Many retirement plan advisors and third party administration (TPA) firms have been harping about 401(k) plan administration fees and in a belief that fees should be transparent, we now have fee disclosure that will come into effect in July.

While plan sponsors have the fiduciary responsibility to understand all the fees that they are paying and whether those fees are reasonable as to what is out there, I think plan sponsors lose more money in poor plan design than they do through excessive fees. Why there are no articles about poor plan design then? Well, poor plan design isn’t as sexy as high 401(k) fees and at the end of the day, there is more liability from excessive fees because with poor plan design, the only people who could sue the plan sponsors are plan sponsors and what’s the chances they will sue themselves?

What are poor plan designs? Plan designs that either no longer fit the needs of the plan sponsor or don’t include the efficiencies offered by current plan design. Case in point, a 401(k) plan that barely fail discrimination testing and the plan doesn’t offer automatic enrollment which would artificially raise the deferral participation rate of non-highly compensated so the plan will pass.  Another poor plan design is when a plan offers a new comparability/cross tested design with a safe harbor matching contribution. The problem? A safe harbor non-elective contribution could be used to satisfy required minimum gateway contributions to non-highly compensated employees, while safe harbor matching contributions do not which means that a plan sponsor using new comparability and safe harbor matching contributions may end up putting a lot more in contributions than they have to.

Poor plan design may also involve the lack of not augmenting the current plan with another plan like a cash balance plan or a non-qualified arrangement.

The value of a good financial advisor is not just relegated to helping manage the prudent fiduciary process of picking suitable investments and the development of an investment policy statement. A good financial advisor can clearly stand out by either being informed about plan design or being surrounded by TPAs and ERISA attorneys that do. The best TPA salesman I ever met, the late great Richard Laurita knew very little about the operations of retirement plans and he was honest about it. That is why on many occasions, he would have me accompany him to meetings with potential new clients or to be available by phone.  This level of service helped him nab a few more clients because it was something that a lot of low cost or bundled providers could not provide.

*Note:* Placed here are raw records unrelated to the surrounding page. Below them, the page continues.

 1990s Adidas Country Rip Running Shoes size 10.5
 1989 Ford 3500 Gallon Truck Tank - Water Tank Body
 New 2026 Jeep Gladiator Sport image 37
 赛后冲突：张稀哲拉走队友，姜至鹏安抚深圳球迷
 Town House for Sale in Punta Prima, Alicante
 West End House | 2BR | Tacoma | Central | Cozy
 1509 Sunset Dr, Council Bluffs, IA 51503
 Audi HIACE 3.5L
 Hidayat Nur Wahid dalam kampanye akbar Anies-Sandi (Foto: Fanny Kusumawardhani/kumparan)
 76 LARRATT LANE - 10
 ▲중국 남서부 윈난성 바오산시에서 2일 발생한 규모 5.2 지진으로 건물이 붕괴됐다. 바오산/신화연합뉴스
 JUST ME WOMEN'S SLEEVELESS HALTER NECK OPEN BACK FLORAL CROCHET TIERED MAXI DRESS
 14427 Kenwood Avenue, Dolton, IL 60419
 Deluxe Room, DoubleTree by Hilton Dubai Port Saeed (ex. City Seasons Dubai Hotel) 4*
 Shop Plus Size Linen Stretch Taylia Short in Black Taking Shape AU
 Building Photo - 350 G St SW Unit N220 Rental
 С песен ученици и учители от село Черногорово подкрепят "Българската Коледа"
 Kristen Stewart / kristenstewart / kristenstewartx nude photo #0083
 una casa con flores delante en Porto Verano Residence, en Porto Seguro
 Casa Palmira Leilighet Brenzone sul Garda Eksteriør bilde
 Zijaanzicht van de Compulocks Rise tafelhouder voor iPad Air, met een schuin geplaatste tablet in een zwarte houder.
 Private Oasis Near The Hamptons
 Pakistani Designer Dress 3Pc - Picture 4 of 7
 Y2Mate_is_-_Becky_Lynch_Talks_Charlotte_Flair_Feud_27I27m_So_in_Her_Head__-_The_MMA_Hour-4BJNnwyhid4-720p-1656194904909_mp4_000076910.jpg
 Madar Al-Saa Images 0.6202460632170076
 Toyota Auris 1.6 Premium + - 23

Retirement plan advisors need to stand out and I think it’s an added bonus to use a retirement plan consultant from the TPA or an ERISA attorney in the client solicitation process because it may save the clients money in improving the efficiency of plan design, but it also may impress the potential client that the advisor’s service is highly sophisticated, professional, and at a good value.

When it comes to advisors trying to net new business, I have always been supportive and I have an open phone policy because I believe retirement plans need to be improved and saved, one plan at a time.